Milan

Massimo Bartolini

MASSIMODECARLO | Milan/Lombardia

Massimo Bartolini asked viewers to enter the first room of his recent show barefoot. The walls of this space were curved, and they reflected a blinding white light that made it impossible to locate points of reference. As a result, the senses—especially sight and touch—were disabled to the point that exploring the space became an adventure to be entered into only with great caution. It was difficult to avoid crashing into the facing wall of the space, which had become absolutely invisible, and yet the wall was so very near that some even used the odor of the white paint to find their bearings. Underlining the absence of any fixed spatial coordinates, the room also contained a luminous object that sent two shining arrows whirling in a circle at regular intervals.

The show was divided into two rooms, the second very dissimilar from the first—less spectacular but perhaps more effective. This space contained two photographic tondi, each depicting a rectangular shadow cast on an ordinary-looking meadow, and a piece entitled Pavimento a occhi chiusi (Blindfolded floor, 1997), which consisted of two bamboo blinds placed on the floor. The title of the latter work invited the viewer not so much to look, but to use his or her sense of touch, by walking barefoot, to “test” the floor which, was, indeed, “blinded.” A third, and complementary piece was hidden on the metal staircase leading to the gallery office: Bartolini had replaced a single step with one made of pink marble.
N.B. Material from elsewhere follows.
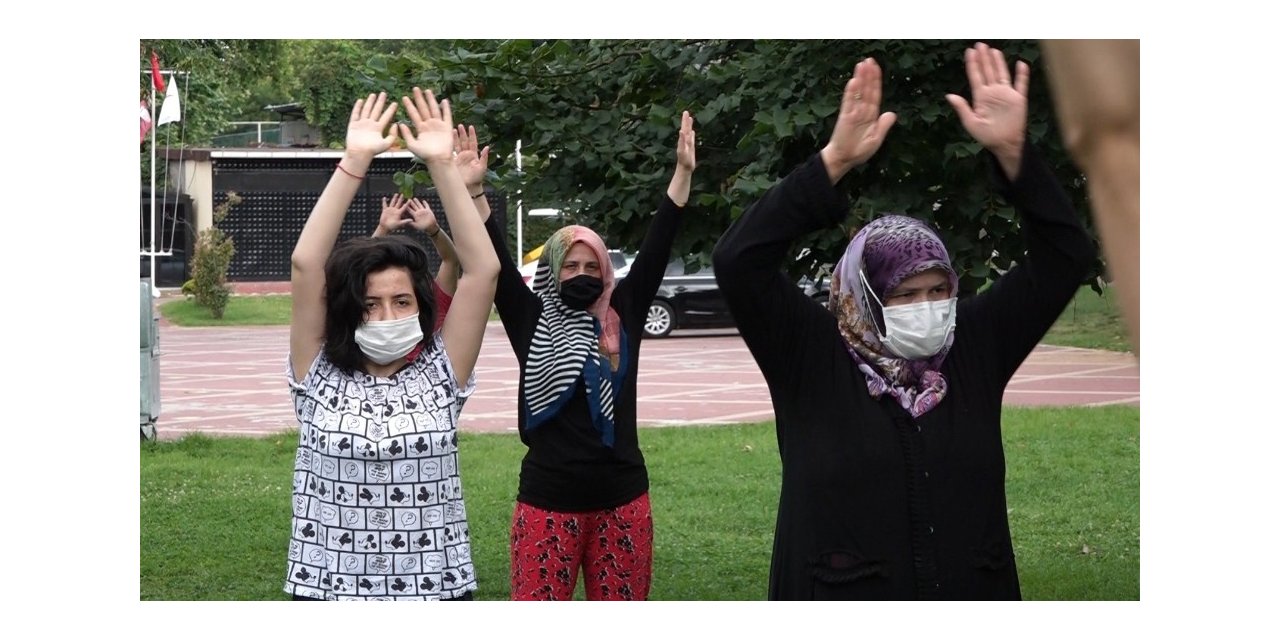 Beyoğlu’nda Kadınların Sosyal Mesafeli Sabah Sporu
Bartolini’s work addresses the way in which we perceive our surroundings. This was true of the pieces that brought him public attention in Italy a few years ago, when he “sank” furniture into a soft floor, so that it appeared to be drowning. The artist calls attention to our habit of privileging one sense (usually sight) over the others. He suggests that it is sometimes necessary to completely rethink one’s approach: becoming lost in an overlit room, walking “blindfolded,” confronting a step that is unexpectedly different.

Marco Meneguzzo

Translated from the Italian by Marguerite Shore.